Tout comme Louis XV qui avait affublé ses filles de surnoms familiers peu agréables, tels Coche ou Chiffe, nous les avions toujours connues sous les appellations de Mimi et Nénette, alors qu'elles portaient chacune un des beaux prénoms de la reine martyre Marie-Antoinette. Ces « petits noms » les renvoyaient inéluctablement à un statut d'éternelles petites filles. Et c'est bien ce qu'elles étaient restées, vivant dans un état d'ingénuité et d'innocence perpétuelles.

Leur principal passe-temps était de tricoter de leurs doigts délicats et agiles des carrés de laine pour les bébés qu'elles auraient voulu avoir et qui étaient ceux de femmes qui n'en voulaient pas ! Elles se plaisaient encore à confectionner de naïves poupées dont les grands yeux de tissu bleus ou verts regardaient comme elles-mêmes le monde avec surprise et étonnement. Jusqu'à la fin de leur vie, elles avaient aimé avec passion jouer aux dominos, aux dames et au scrabble. Assises à leur fragile petite table de bridge aux jambes grêles, recouverte d'un napperon aux broderies éteintes, elles poussaient des cris de contentement extasié lorsqu'elles trouvaient un mot particulièrement long. Elles s'applaudissaient mutuellement d'un bravo sonore où persistait à pointer la pesante intonation de l'accent du nord de la France qui ne les avait jamais quittées. Elles prenaient de graves airs offusqués lorsque l'une d'elle se risquait à un mot grivois, puis elles se mettaient à rire à gorge déployée.

Régulièrement, chaque été, leur sœur un peu plus âgée, qui avait retrouvé un statut de demoiselle semblable au leur à cause d'un veuvage précoce, venait passer un mois chez elles. Leur trio sororal se retrouvait dans la même petite chambre, recréant ainsi le cocon familial de leur enfance, quand elles s'endormaient en se tenant par la main, sous le regard absent de leur nurse anglaise.

Elles étaient assez différentes l'une de l'autre. L'aînée avait un caractère bien trempé et elle aurait été une maîtresse de maison parfaite. Elle était d'une intelligence pragmatique et pleine de finesse. La seconde n'était pas une intellectuelle mais elle aimait versifier et nous aimions écouter ses poèmes, qu'elle nous lisait avec application.
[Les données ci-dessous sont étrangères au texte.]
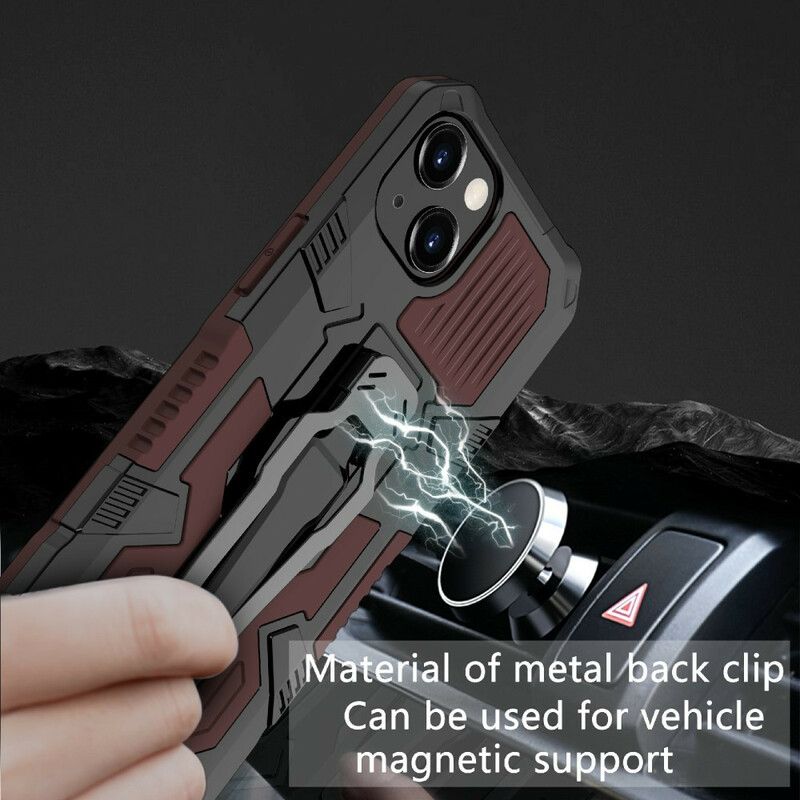 Hoesje iPhone 13 Pro Max Robot Met Riemclip Bescherming Hoesje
J'aime l'oiseau qui chante,

J'aime du papillon

La caresse inconstante

Aux épis du sillon.

Si sa sœur était de caractère égal, elle prenait plus facilement la mouche. Elle parlait parfois indéfiniment de menus choses et de pacotilles et son frère la traitait de « babelore », qui signifie "bavarde" en flamand. On la voyait alors rougir, se lever d'un bond et quitter la pièce sans un mot, de sa démarche faussement martiale, dans un sursaut de dignité qui faisait rire tout le monde.
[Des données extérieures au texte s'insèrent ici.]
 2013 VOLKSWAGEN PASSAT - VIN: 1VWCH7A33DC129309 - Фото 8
Dans leur cœur, nulle méchanceté, aucune animosité, mais toujours, jusqu'au bout, j'en suis sûre, le fol espoir qu'elles se marieraient ! Menées de lieux en lieux de plus en plus rétrécis, jusqu'à cette maison de retraite au nom prétentieux d'Aliénor d'Aquitaine, qui sentait le désinfectant et l'urine, je ne les ai jamais entendu se plaindre.

J'ai souvent imaginé leurs songes et leurs aspirations. Je voudrais être certaine que maintenant, dans un jardin qui ressemble à celui où elles cueillaient des fleurs pour les reposoirs, après presque « cent ans de solitude », quelqu'un, enfin, les aime de l'amour dont elles rêvèrent toute leur vie.